"I hear and I forget; I see and I remember; I write and I understand." - Chinese proverb

Saturday, July 16, 2011

BLESSED BE


The leaves on the trees, barely moving, have taken on a glittery look; golden-green and temporary, not long until dark.  Up on the hill behind the meadow the cows and horses slowly make their way down to the weathered lean-to by the pond, where they will sleep tonight.  Rumbles of thunder and my father comes out on the back steps to smoke his pipe and listen.  We run through the yard because we can.  Down the street someone talks in-between the sound of a mower dying down.  A dog is barking and the air is growing thick.  "You better come in now," my mother yells out the window at us, "gonna storm."  Finally at the last minute before the third raindrop falls we slow down and come in the house.  The screen door bangs softly behind us.
Our cat is lapping milk.  On the stove something simmers.  The thunder is loud now.  The TV is on, snowy black and white, two channels.  My brother puts on a record in his bedroom: Johnny Cash, "Lost In The Desert To Die."  It is extremely important to me that my dolls have their hair combed now -- right now.  My little bedroom has a ceramic heart tied with a bow hanging over the bed with "Now I Lay Me."  There is a framed silhouette.  There are wooden plaques on the wall: Jack, Jill, the pail and the well.  They are bright colors.  The wallpaper is dark green flowers and the curtains are sheer ruffled white.  The floor is polished fir.  
Next week we are going to Maine.  The light is different there, moving in and out of the pine trees.  The roads are longer and darker and the nights are cool.  The lakes are cold and clean.  There is oilcloth on the tables where we eat.  The cat will stay out for the week.  My brother's best friend will come down and feed her on the doorstep.  More flowers will bloom while we're gone.

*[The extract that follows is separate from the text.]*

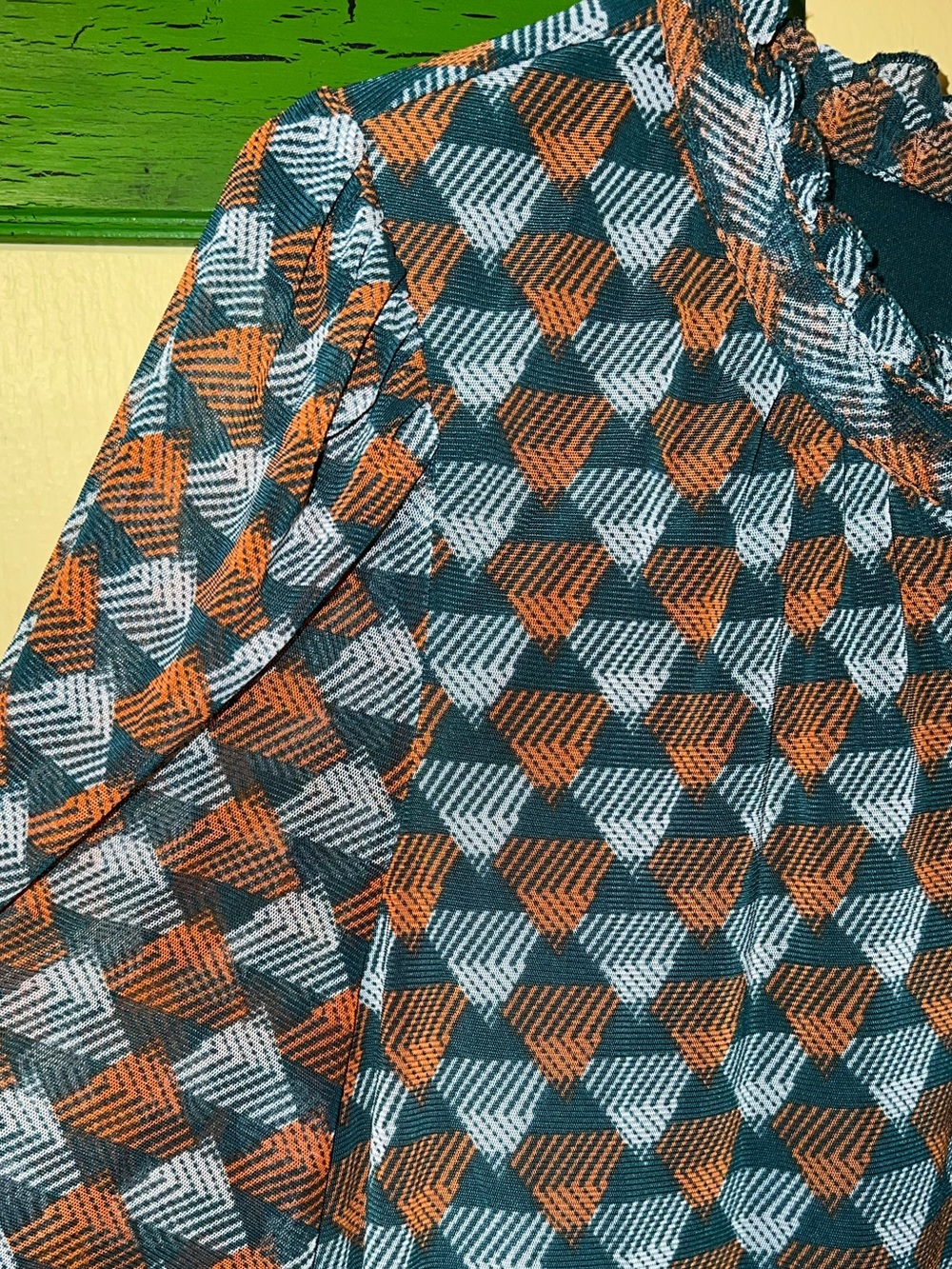 Geometric Teal Retro Blouse 70’s Ruffle Puff Balloon Sleeve Orange Boho Size L - Picture 4 of 12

After supper I want to do my paint-by-number.  There is lightning so I don't have to get in the bath tub but my mother makes me soak my feet.  Ed Sullivan is on TV and a woman is ice skating on a tiny little balcony many floors above the ground.  She twirls like the ballerina in my jewelry box.  I think I might want to do finger painting tomorrow.

It's dark.  My mother helps me get my summer pajamas on.  My father is playing his guitar and harmonica in the living room; my brother is playing Jimmy Dean on his record player -- "Big Bad John."  My mother tells him not to play many more because it's getting late.  She pulls the blinds.  I get in bed.  She turns off the light in the kitchen.  I hold my stuffed dog.
The milk man will leave full bottles on the doorstep tomorrow.  I won't hear him.  I won't hear anything now except the traces of melody from my father's guitar and a few distant rumbles of thunder.  There are no problems anywhere in the world; it  is a summer night and I will see many like this, wrapped up in the glitter of afternoon leaves and the clear world of the day after the storm.